Anne Burrell is unafraid— she is confident, kind, progressive and absolutely beautiful. She has an impeccable sense of style that is so fitting to her personality— beautiful knit dresses, caftans and linen that set off her trademark spiky blonde hair.
She is unpretentious and enjoys the simple pleasures of life, seeking out the true flavour and indigenous spice of the people and the places that she visits. This is why her infusions are so creative and unique. This is why we love Anne Burrell.
Braised Chicken with Pomegranate Molasses
Serves: 4 Time: About 45 minutes
Mise en Place
Extra virgin olive oil
4 cloves garlic, smashed
Crushed red pepper
8 chicken thighs, trimmed of excess skin
1 cup pomegranate molasses
1 cup chicken stock
1 thyme bundle
1 cup pomegranate seeds
1 bunch fresh chives, finely chopped
Preheat the oven to 350°F.
1 Coat a large sauté pan with olive oil, toss in 2 smashed garlic cloves and a pinch of crushed red pepper. Bring the pan to medium-high heat. When the garlic is golden and very aromatic, remove it and discard;—it has fulfilled its garlic destiny.
2 Season the chicken thighs with salt and place them skin side down in the pan.
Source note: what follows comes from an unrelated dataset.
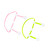 SHOWERORO 2pcs Garbage Bag Clip Trash Bags Elastic Band Kitchen Supply Bands for Garbage Bin Trash Bag Holder for Plastic Bags Plastic Bag Holder Trash Can Bag Band Accessories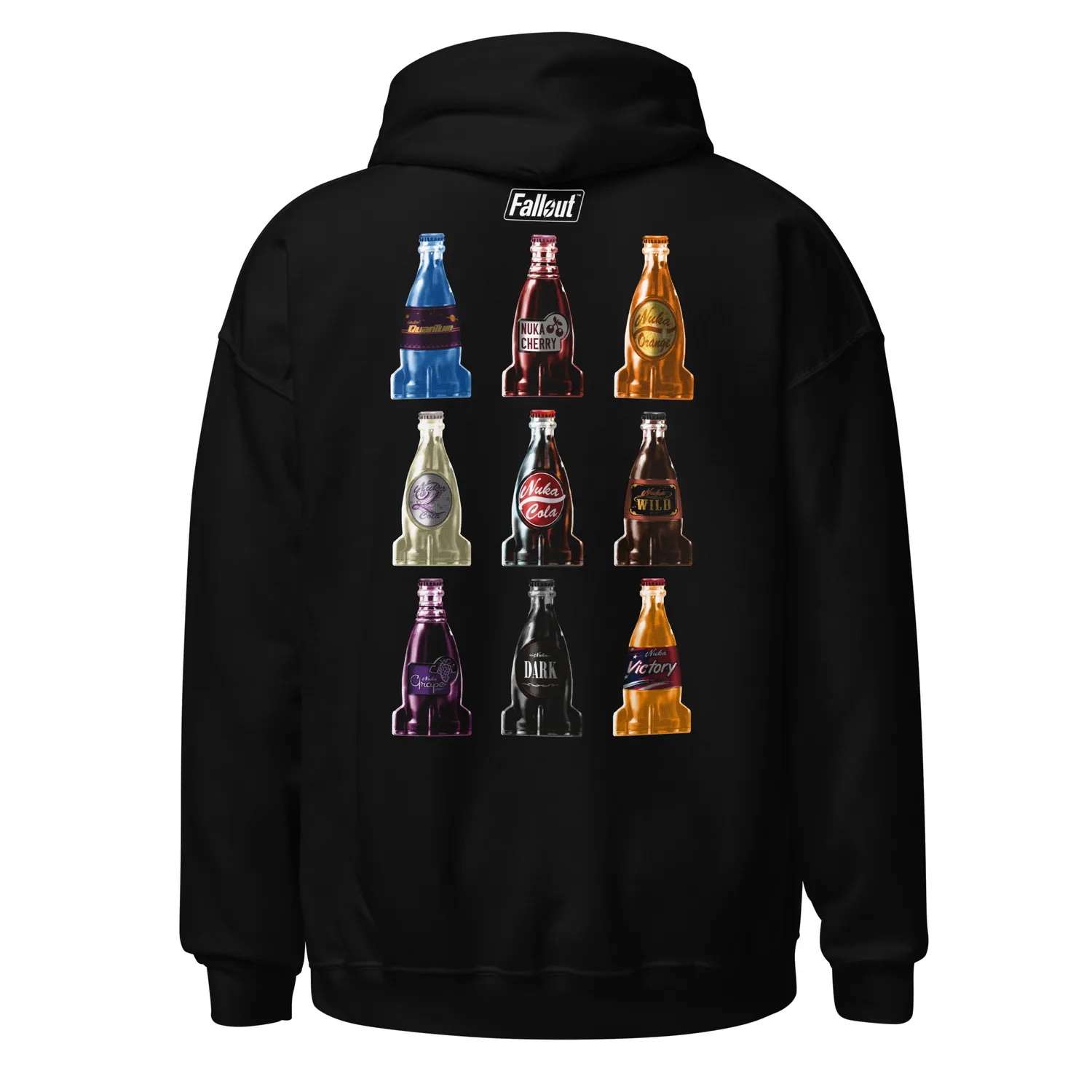 Fallout Nuka Cola Flavors Hoodie Baumwollmix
Don’t crowd the pan or the thighs will steam instead of brown—you may have to work in batches here, no worries. Brown the chicken thighs really well on both sides, about 6 to 8 minutes. Transfer the thighs to a baking sheet and reserve.
3 Ditch the oil from the pan and add ½ cup of the pomegranate molasses along with ¼ cup of chicken stock. Bring the mixture to a boil and let it evaporate by half—it should be slightly thick and syrupy.
4 Return the chicken to the pan, reduce the heat to medium, and cook in the sauce for 1 to 2 minutes on each side, or until it clings to the chicken in a yummy embrace.
5 Transfer the chicken to the baking sheet and roast for 10 to 12 minutes or until cooked through.
6 While the chicken roasts, add the remaining molasses, stock, and garlic to the pan along with the thyme bundle and a pinch of crushed red pepper. Taste and season with salt if needed. Bring to a boil and reduce to a simmer. Cook until the liquid is thick and syrupy. Discard the garlic cloves and thyme bundle.
7 Remove the chicken from the oven, transfer to a serving dish, drizzle with the sauce, and sprinkle with the pomegranate seeds and chives before serving.